**** Available data ****

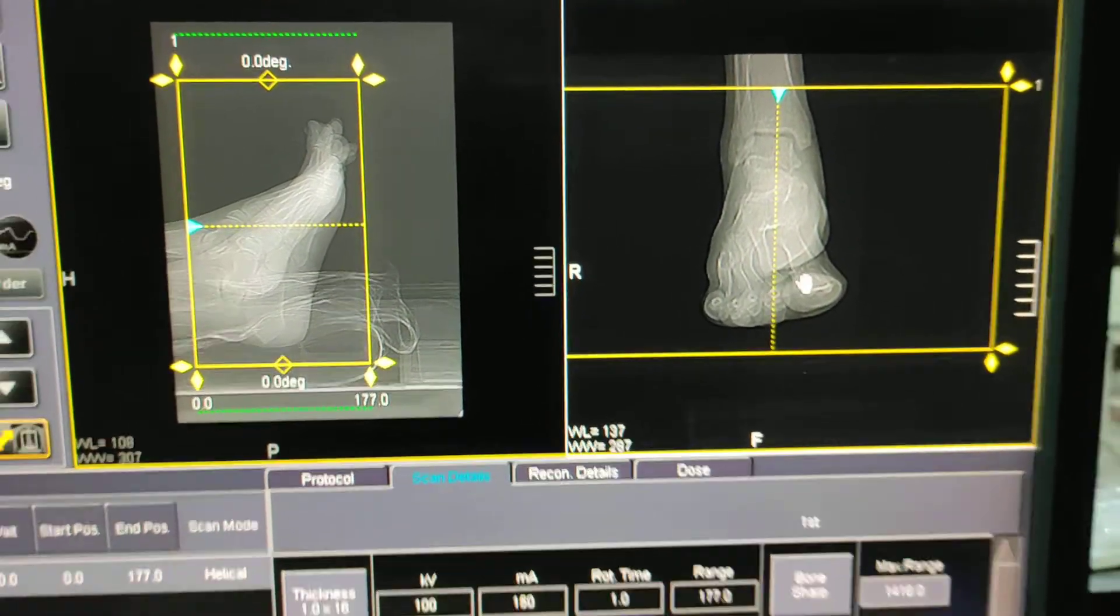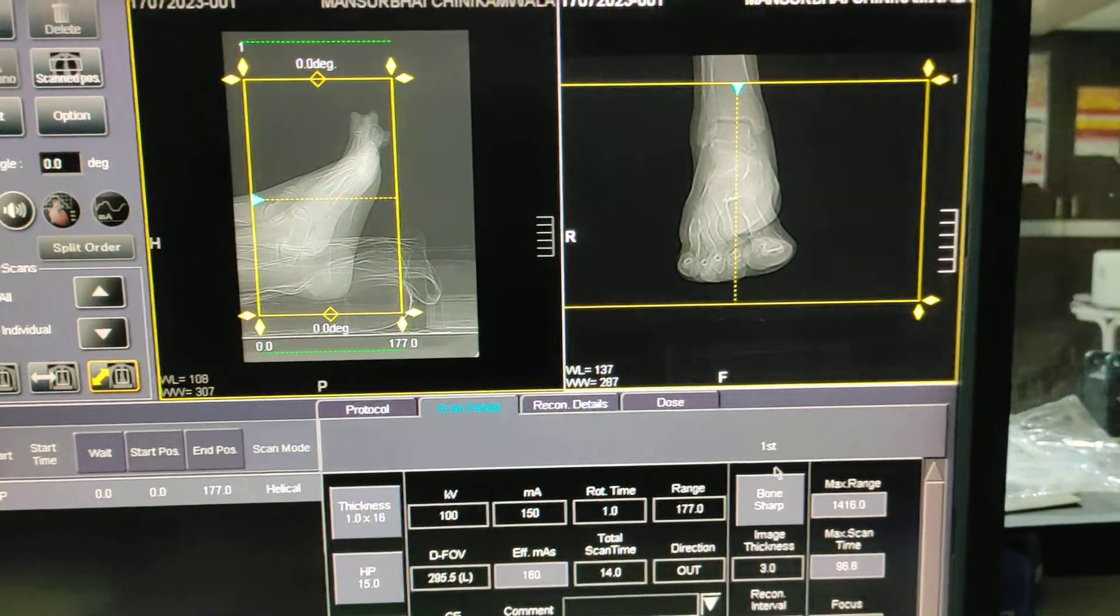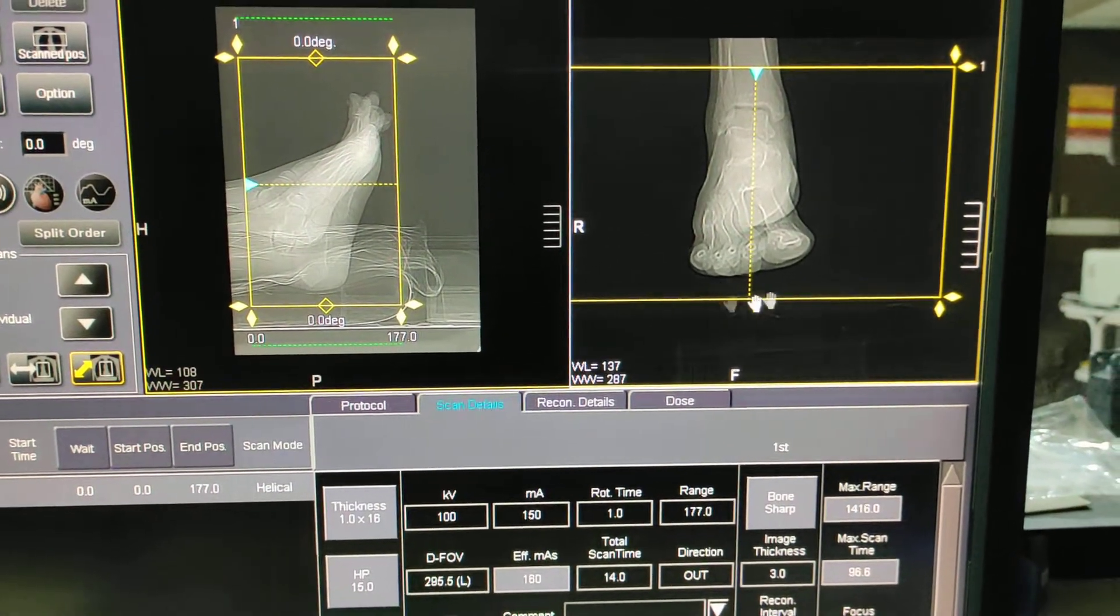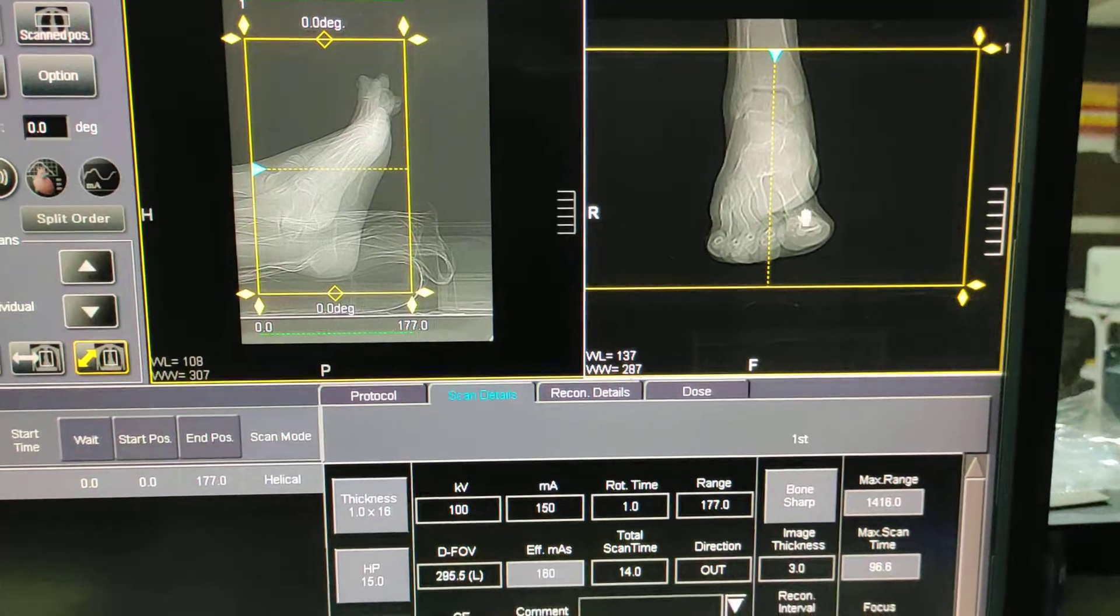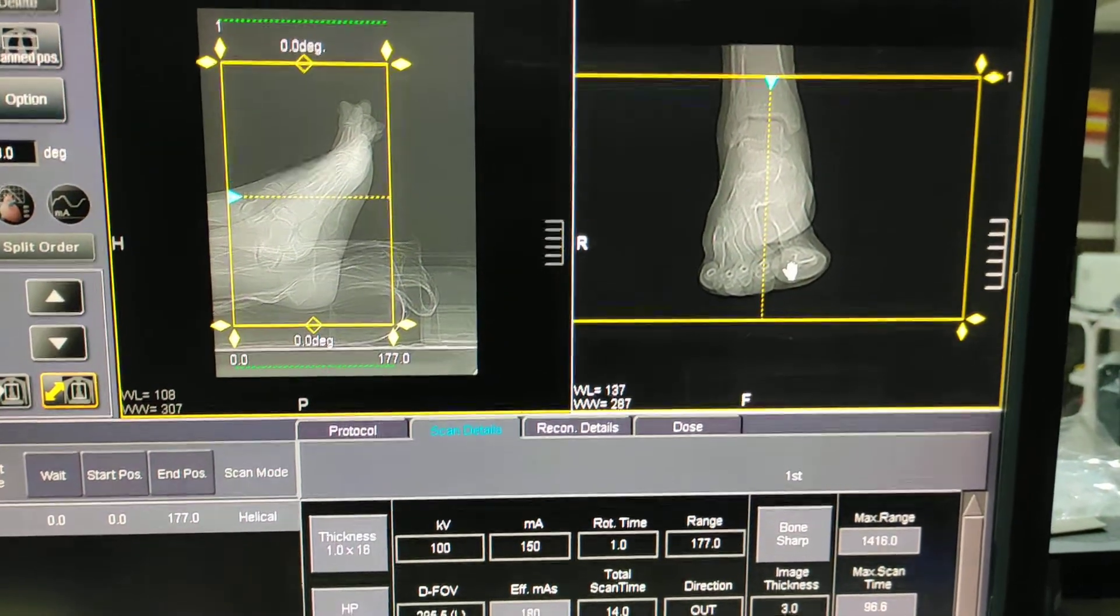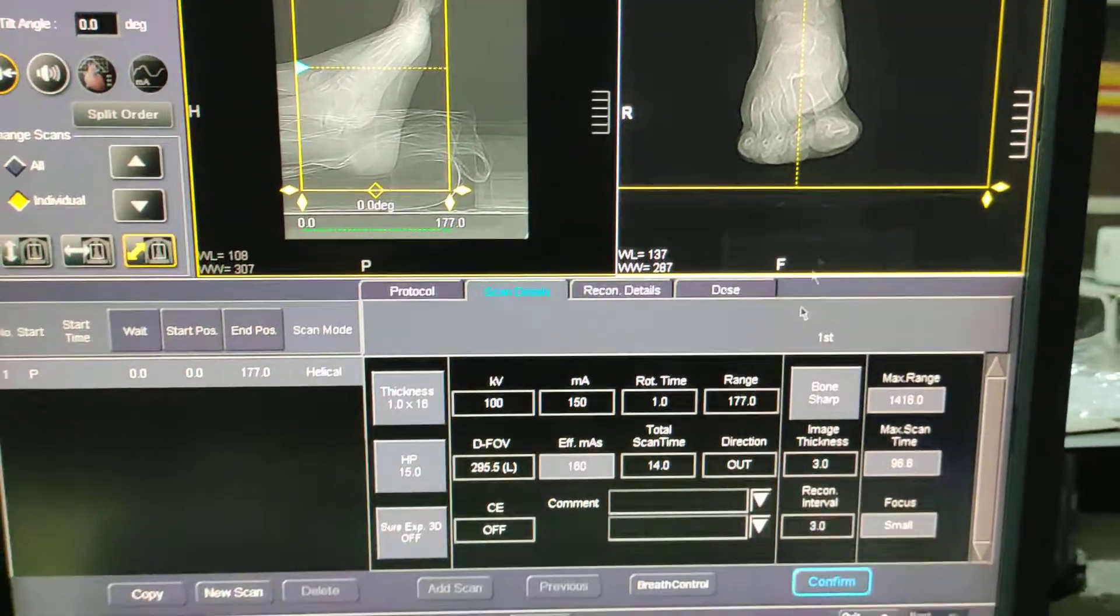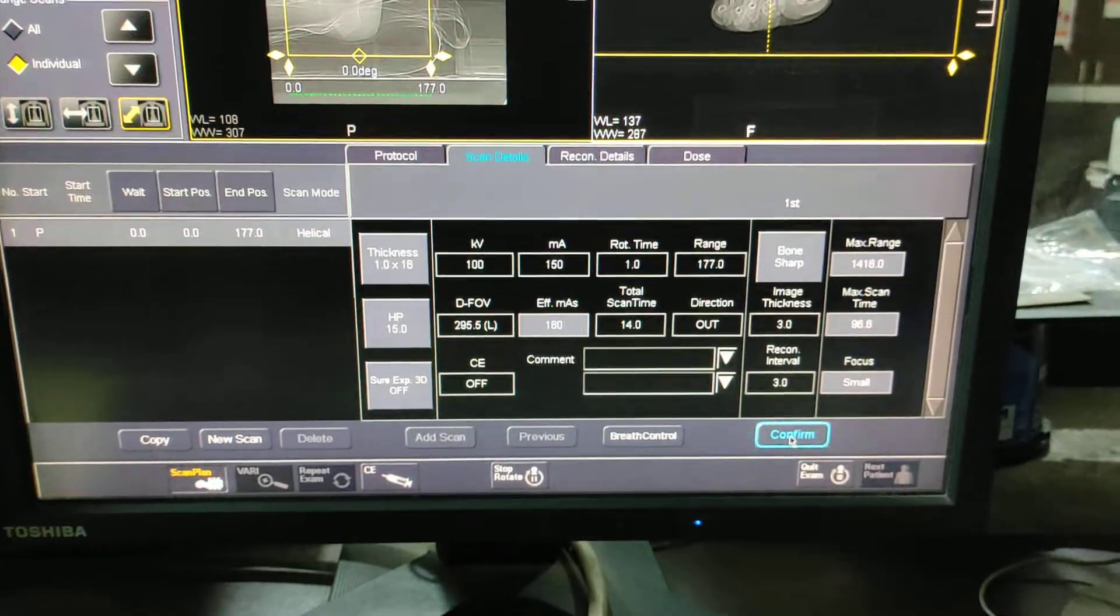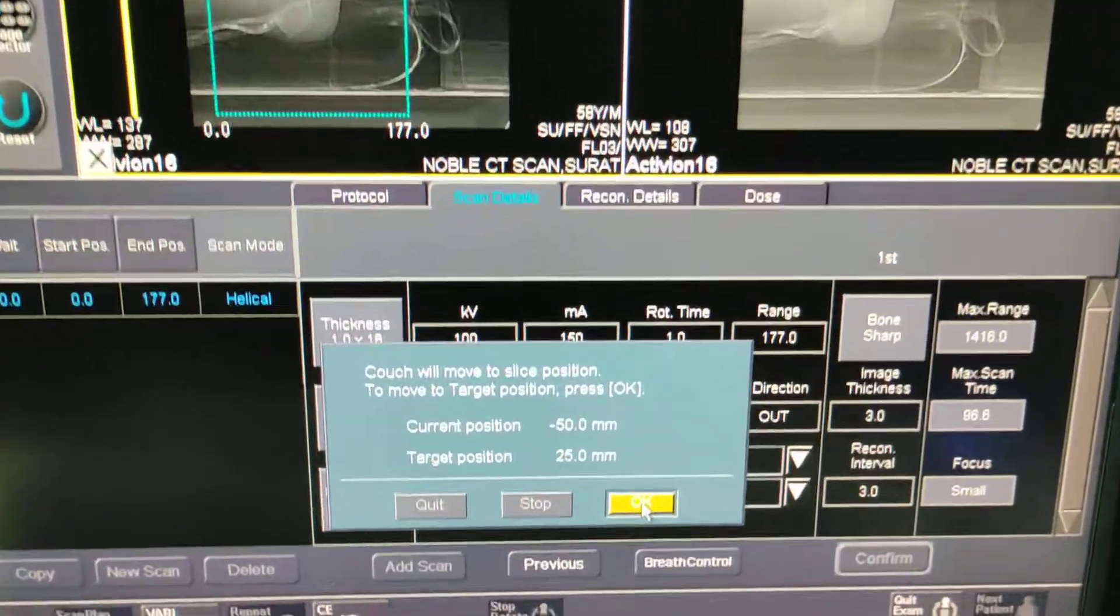This is the plan for ankle joint or foot. This is specially for foot. Here we are diagnosing the great toe osteomyelitis, so this is the plan. You have to start from confirm.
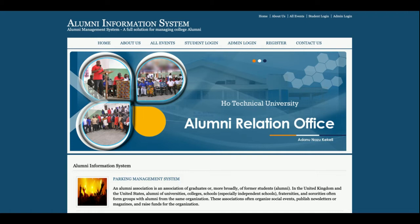Hello friends, welcome again. This is my new project: Alumni Information System. I have developed this project in Java, JSP, and MySQL. The JDK version I'm using is 1.8 and the MySQL version is 5.6. For connecting MySQL with Java JSP, I have used the MySQL Connector, which you can get from the mysql.org website. I'm running this project on the Tomcat server, using Tomcat version 7.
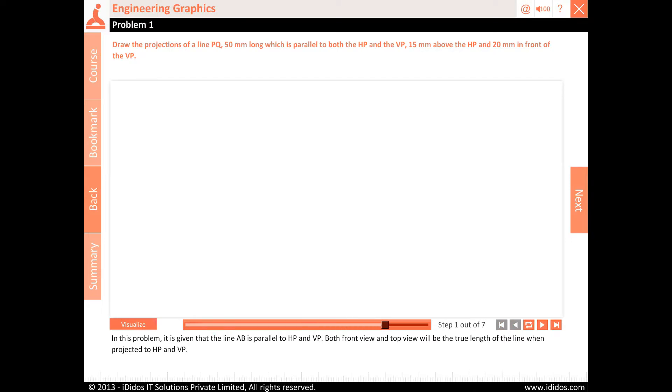In this problem it is given that the line AB is parallel to HP and VP. Both front view and top view will be the true length of the line when projected to HP and VP.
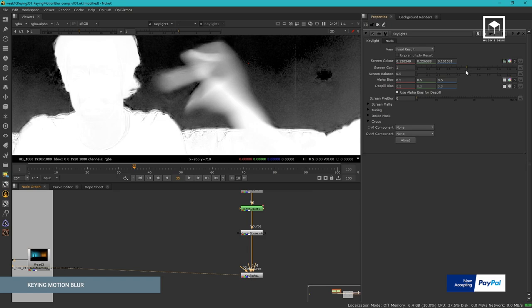Hello everyone, my name is Hugo and welcome to Hugo's Desk. I'm very happy to announce that our Nuke Compositing course is now accepting PayPal. This course was a huge project and it has been developed over the last two years.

****

Problem to solve >>
Keep every word of the data as it is when you write it out, but drop the pictures.

Response box >>
This is the plan for ankle joint or foot. This is specially for foot. Here we are diagnosing the great toe osteomyelitis, so this is the plan. You have to start from confirm.
Hello friends, welcome again. This is my new project: Alumni Information System. I have developed this project in Java, JSP, and MySQL. The JDK version I'm using is 1.8 and the MySQL version is 5.6. For connecting MySQL with Java JSP, I have used the MySQL Connector, which you can get from the mysql.org website. I'm running this project on the Tomcat server, using Tomcat version 7.
In this problem it is given that the line AB is parallel to HP and VP. Both front view and top view will be the true length of the line when projected to HP and VP.
Hello everyone, my name is Hugo and welcome to Hugo's Desk. I'm very happy to announce that our Nuke Compositing course is now accepting PayPal. This course was a huge project and it has been developed over the last two years.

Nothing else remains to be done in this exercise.